Reclaim regression after 1c30844d2dfe
From: Ivan Babrou
Date: Fri Feb 07 2020 - 17:56:19 EST
This change from 5.5 times:
* https://github.com/torvalds/linux/commit/1c30844d2dfe
> mm: reclaim small amounts of memory when an external fragmentation event occurs
Introduced undesired effects in our environment.
* NUMA with 2 x CPU
* 128GB of RAM
* THP disabled
* Upgraded from 4.19 to 5.4
Before we saw free memory hover at around 1.4GB with no spikes. After
the upgrade we saw some machines decide that they need a lot more than
that, with frequent spikes above 10GB, often only on a single numa
node.
We can see kswapd quite active in balance_pgdat (it didn't look like
it slept at all):
$ ps uax | fgrep kswapd
root 1850 23.0 0.0 0 0 ? R Jan30 1902:24 [kswapd0]
root 1851 1.8 0.0 0 0 ? S Jan30 152:16 [kswapd1]
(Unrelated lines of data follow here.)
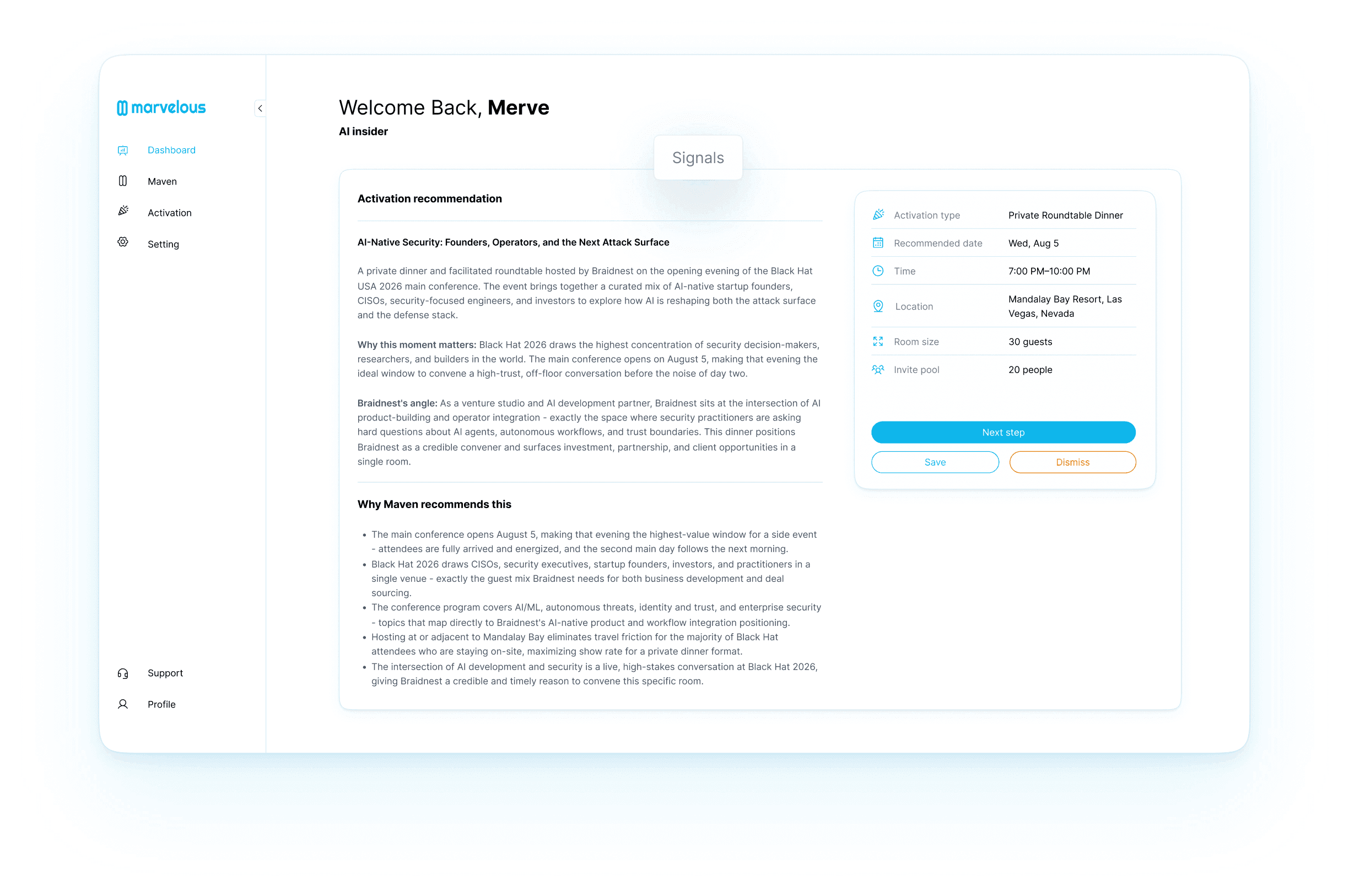 The Marvelous dashboard, showing an activation recommendation Maven has drafted for review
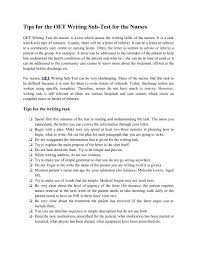 Tips For Oet Writing Sub Test For The Nurses
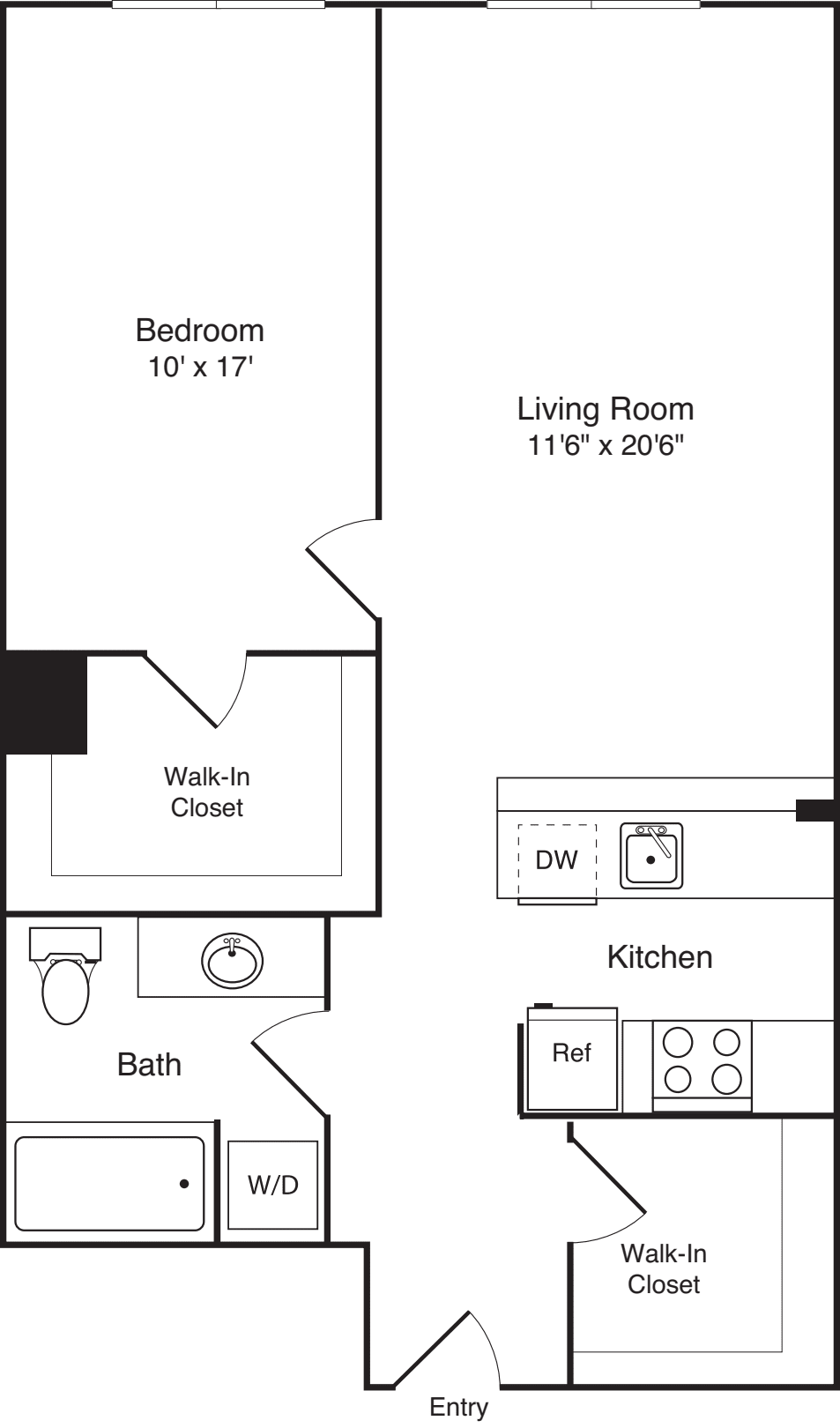 1 Bedroom K plus Den floorplan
This in turn massively increased pressure on page cache, which did not
go well to services that depend on having a quick response from a
local cache backed by solid storage.
Here's how it looked like when I zeroed vm.watermark_boost_factor:
* https://imgur.com/a/6IZWicU
IO subsided from 100% busy in page cache population at 300MB/s on a
single SATA drive down to under 100MB/s.
This sort of regression doesn't seem like a good thing.